ジャマイカ
ブルーマウンテンコーヒー開発事業
(2000年3月、在ジャマイカ大使館)
<プロジェクト概要>
援助形態 |
有償資金協力 |
協力年度 |
83年度、59.41億円 |
相手国実施機関 |
農業省、コーヒー産業公社、都市開発公社、国家計画庁 |
協力の内容 |
ブルーマウンテンコーヒー山脈北側のブルーマウンテンコーヒー栽培に適している地域を中心として、3,500エーカーのブルーマウンテンコーヒー農園の開発及び雇用と外貨獲得に資する関連インフラ(道路、公共施設、住居)の建設。 |
<評価要旨>
1.効率性
ジャマイカに対する初のプロジェクト借款であったことから、実務的な経験が不足する中で機材購入などの契約が遅延する傾向があった。更に、ハリケーンの襲来などによる外部要因もあり、プロジェクトの実施期間は予定よりも長かったが、投入された資金の規模、機材及び人材は、成果を創出するために適当であった。
2.目標達成度
一部サブ・プロジェクトの需要が減少したことが判明し、右事業の実施を見合わせるなどの処置を講じた。また、ハリケーンの襲来、害虫の発生及び干ばつ等があったが、プロジェクトの目標を達成するための事業は当初考えられた予算の範囲で実施され、ほぼすべての成果を達成することができた。
3.インパクト
事業内容がほぼ達成された結果、ブルーマウンテンコーヒーの生産性は、1エーカー当たり84年の26box(注:1boxからコーヒー生豆が10~121bs採れる)から97年には45boxの約1.7倍に向上した。右に付随して、ジャマイカ経済への貢献、ブルーマウンテンコーヒー生産のための技術の普及が図られた。また、環境面に対しては追加的な対策が講じられた。女性に対する雇用創出も実現しており、プラスのインパクトが大きい。
4.計画の妥当性
ブルーマウンテンコーヒーという国際コーヒー市場で優位性のあるジャマイカに特有の農産物を対象とした本件は、重要性は現時点でも減じておらず、プロジェクトの対象として適切であった。プロジェクト・サイトなど一部制約された条件下での対応も大きな問題はなく、計画の論理性、施設、資機材・技術、及び環境・WIDについても総じて妥当であると考える。
5.自立発展性
本件プロジェクトの成果・便益は維持されている。ブルーマウンテンコーヒーの重要性に鑑み、ジャマイカ政府からの継続的な支援も得ており、今後とも自立発展するものと考える。一方で、主要実施団体であるコーヒー産業公社の組織改編もあり、今後の動向を注視する必要がある。
6.環境及びジェンダーヘの配慮・影響
ジャマイカ政府の環境関連法の成立による追加的な施設を建設して、環境問題の惹起を予防した。また、精製工場においては約80名の女性に対して雇用機会を提供しており、環境及びジェンダーに対して配慮する結果となっている。
7.今後必要なフォローアップ
新規に建設されたコーヒー精製工場の処理能力には、やや余裕がある。ブルーマウンテンコーヒーに加えて、現在ジャマイカ政府が生産量が減少する傾向にあるブルーマウンテンコーヒー農園以外の再生に力を入れ始めており、右の増産が実現できれば、精製工場はより一層活用される。組織改編を実施したコーヒー産業公社の動向にも注視する必要がある。

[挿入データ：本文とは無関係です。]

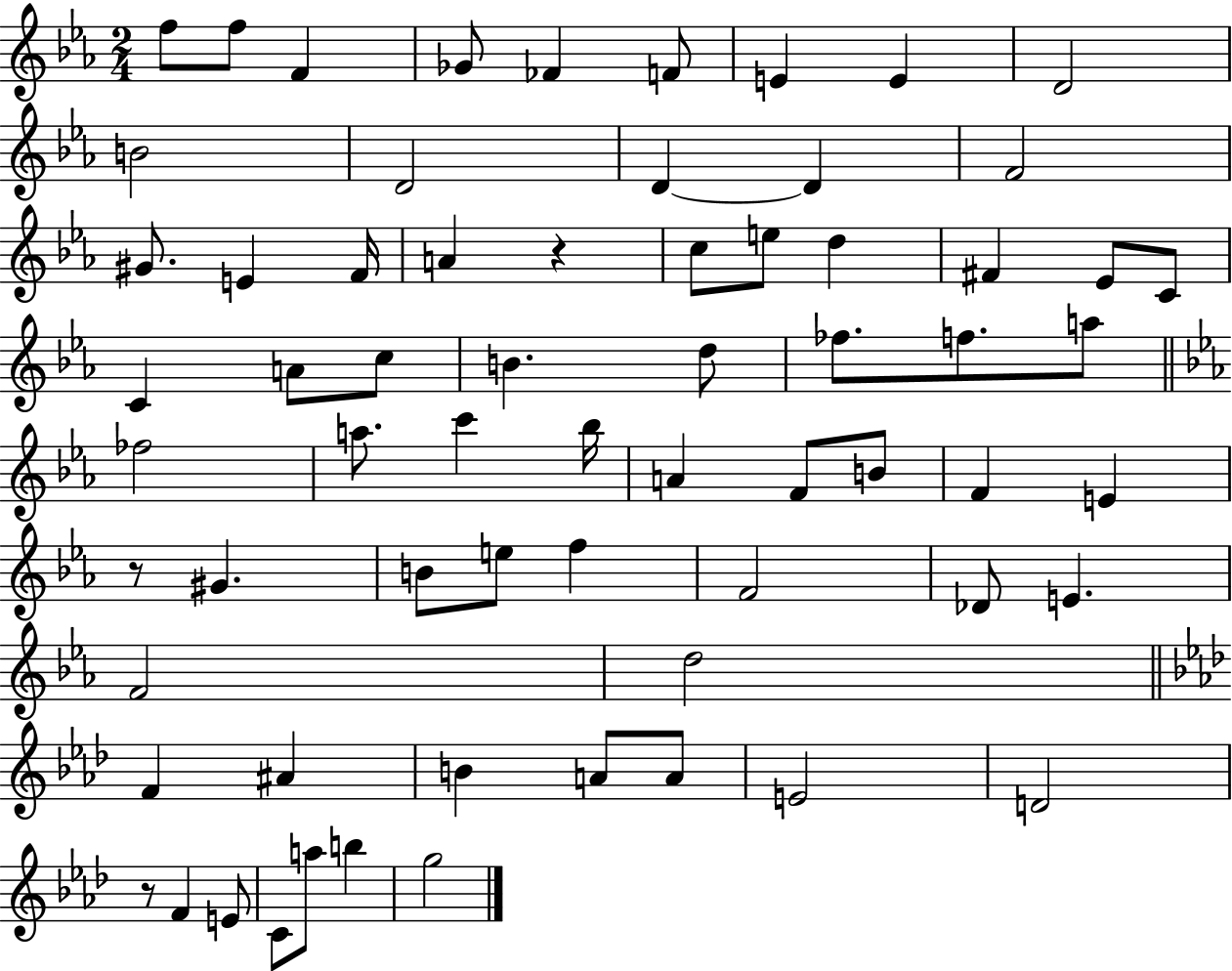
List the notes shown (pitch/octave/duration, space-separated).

F5/e F5/e F4/q Gb4/e FES4/q F4/e E4/q E4/q D4/h B4/h D4/h D4/q D4/q F4/h G#4/e. E4/q F4/s A4/q R/q C5/e E5/e D5/q F#4/q Eb4/e C4/e C4/q A4/e C5/e B4/q. D5/e FES5/e. F5/e. A5/e FES5/h A5/e. C6/q Bb5/s A4/q F4/e B4/e F4/q E4/q R/e G#4/q. B4/e E5/e F5/q F4/h Db4/e E4/q. F4/h D5/h F4/q A#4/q B4/q A4/e A4/e E4/h D4/h R/e F4/q E4/e C4/e A5/e B5/q G5/h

8.将来他のプロジェクトを実施する場合に教訓として生かされるべき事項
案件の対象が農産物のコーヒーであること及び対象地域の一部が山間部に位置していることから自然条件などに対するリスク管理が事前に検討された方が、ハリケーン、害虫及び干ばつ等に効果的に対応し、本件プロジェクトの円滑かつスピーディーな実施に資した可能性がある。